Les districts ont été redécoupés avec une précision chirurgicale assurant un avantage structurel imbattable aux républicains. Résultat : en 2012, les candidats démocrates à la Chambre des Représentants récoltent 1 365 000 voix de plus que les républicains… mais n’emportent que 201 sièges, contre 234 à la droite. La domination républicaine est si ancrée que les démocrates ont très peu de chances de reconquérir la Chambre le 8 novembre, même avec un raz de marée électoral. Il faudrait que Hillary Clinton l’emporte de 12 points pour que la probabilité d’une Chambre démocrate soit de fifty-fifty. « Depuis l’élection de 2010, le système a été faussé pour créer une majorité républicaine artificielle (mais infaillible) à la Chambre et dans les capitales des Etats du pays », résume David Daley, auteur d’une enquête sur l’opération RedMap (1).
C’est bien plus grave qu’un hold-up numérique. Avec leurs circonscriptions taillées sur mesure, les congressmen se retrouvent presque assurés d’être réélus dans leurs districts. Leur préoccupation n’est plus l’élection générale mais la primaire, où toute velléité de modération ou de compromis serait punie sans pitié par la base militante, celle-là même qui a plébiscité Trump. Les quelque 40 membres du Freedom Caucus (issus du Tea Party) qui ont eu la peau de John Boehner, speaker de la Chambre jugé trop conciliant, se décrivent volontiers comme des flibustiers. En réalité, ils ont remporté leurs districts respectifs avec une moyenne de 38 points d’avance. Ils peuvent donc prendre des positions extrêmes sans risquer quoi que ce soit, et ils font un bras d’honneur aux Américains indiquant leur détestation du Congrès (18% d’opinions favorables), jugé en 2013 plus impopulaire que Gengis Khan, les embouteillages et les cancrelats! Leurs électeurs à eux les rééliront de toute façon.
C’est cela qui est nouveau, dans la démocratie américaine : la polarisation de la gauche et de la droite a déjà existé dans le passé, mais c’est la première fois qu’elle est idéologique, et non plus de circonstance. Avec elle, le donnant-donnant de la démocratie devient impossible. Et à cause d’elle, un cercle vicieux s’enclenche : le Congrès est bloqué, les électeurs le détestent encore plus, la polarisation s’accroît et, par là même, les blocages.

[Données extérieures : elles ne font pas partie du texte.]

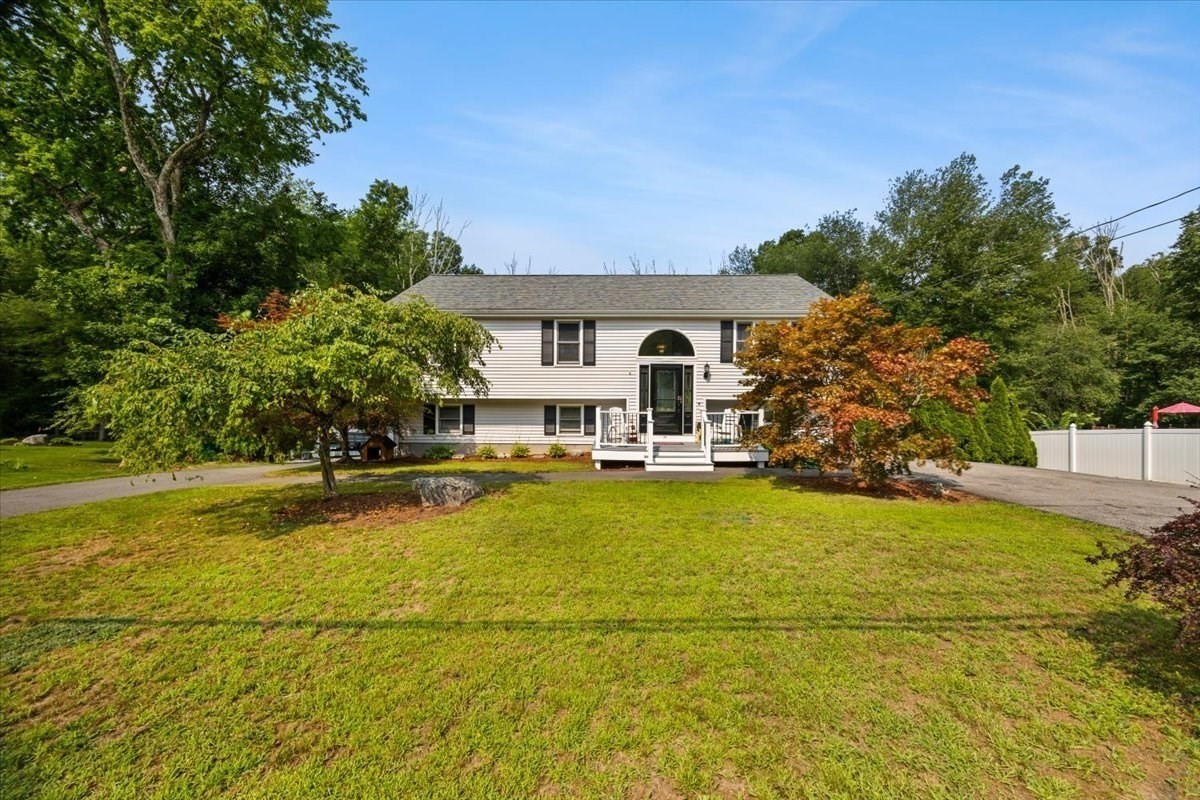 635 Dighton Ave, Taunton, MA 02780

Comme toujours en politique, il y a de l’oeuf et de la poule dans la crise actuelle. L’obstruction et le charcutage de la droite alimentent la crise, mais ils sont aussi le fruit d’une division géographique de plus en plus marquée entre les deux Amérique, les électeurs démocrates se concentrant dans les régions côtières et les grandes villes. Le discours politique devient de plus en plus polarisé, caricatural et intolérant, mais il est aussi l’écho d’un monde nouveau où les technologies de l’information permettent à chacun de vivre dans des silos étanches, à l’abri d’opinions différentes des siennes.
Hillary Clinton sait tout cela. Choisira-t-elle d’entonner la sérénade du « tous ensemble », avec le même résultat désastreux qu’Obama ? Ou bien s’attaquera-t-elle à la racine du mal, par exemple en supprimant la pratique abusive et destructrice du filibuster au Sénat ? On le saura très vite. Car, cette fois, il n’y aura pas de round d’observation.
LE DISCOURS POLITIQUE DEVIENT DE PLUS EN PLUS POLARISÉ, CARICATURAL ET INTOLÉRANT.
(1) « Ratf**ked : The True Story Behind the Secret Plan to Steal America’s Democracy », par David Daley (Liveright, juin 2016).